There is a game, Sims, it peaked in popularity in mid 2000s, it gave player opportunity to create an online personality, chose sex, appearance, age, anything.
People who really got into Sims spent more time online, in what for them was "real world", rather than dealing with who they really were, often social rejects, people who had trouble dealing with reality.
Here is outtake from good description what Sims is all about:
"wouldnt it be easier if we all lived in The Sims 3? Since the first game launched in 2000, the human simulation series has been giving gamers the opportunity to indulge their whims, no matter how unrealistic, mundane, or even sadistic they may be (dont pretend youve never stuck a Sim in the pool and took away the ladder). Its that freedom that turns everyday tasks like going to the bathroom and making dinner into fascinating gameplay elements. Of course, The Sims isnt at all like real life - its better.
In The Sims, If you want a career, simply pick up a newspaper or log onto your computer and chose the job of your liking. Professional athlete? Astronaut? Ghost hunter? No problem. Even self-employment is as simple as registering for your preferred trade and collecting a weekly stipend.
Changing your look isnt always easy. Growing out hair for a new style can take months, maybe even years. Dying hair can be tedious and even painful. And then, of course, theres always a chance that you wont like your new style, but thats too bad youre stuck with it. In The Sims, you can change your hair just by looking in a mirror. Make it longer, shorter, non-existent. Dye it bright pink, add green highlights, bleach the tips. Guys, you can even change up your facial hair in a second."
And the main thing - age, and ageing. Online you can substract 50 years, and become 25. Yet keep the wisdom and life experience of a 75 year old.
This is what gives these shapeshifters away at online boards, these attractive youngsters speak like older men. They take on a role of being 25, but they couldn't live with themselves, if they had to play a role of a typical, inexperienced, often dumb 25 year old, they are much too vein to be able pull that off.
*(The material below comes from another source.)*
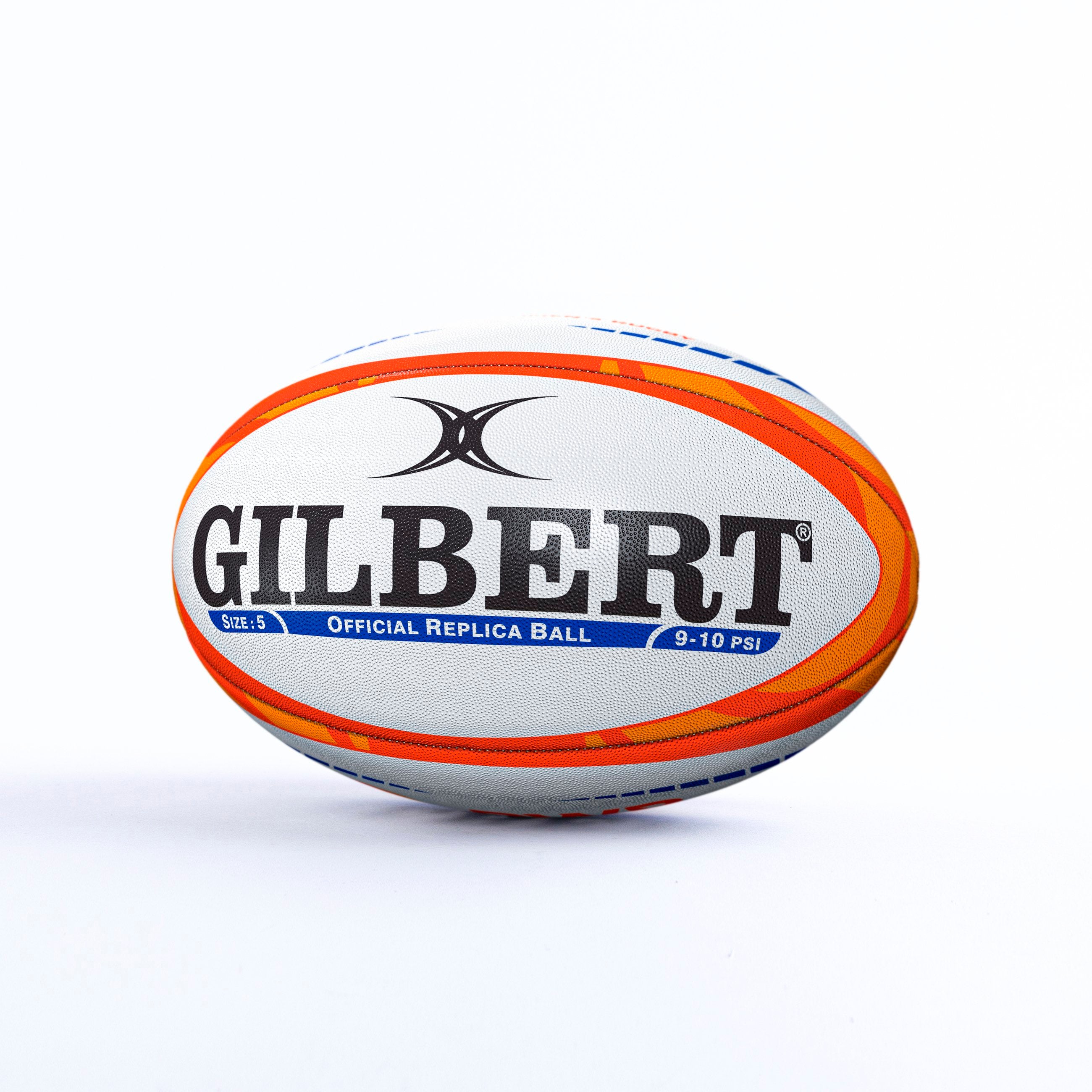 Gilbert Replica Sz 5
So they fail every time, everybody who bothers to look can see what these "youngsters" really are.
Sglad made his burden unnecessarily heavy, he made himself decades younger, and he became Singaporean, it would be easier to just pick one, can't fool a board full of English speakers to be Singapourean. At least, refrain from throwing phrases like "friends of Dorothy", obscure expression that 25 yr old North American gay guy wouldn't have a clue about, and something a 25 yr old Asian Sglad would know as much as I would recognise and pick up on very specific inside joke from some Thai TV soap, every Thai would know it, Dutch person would not, ever!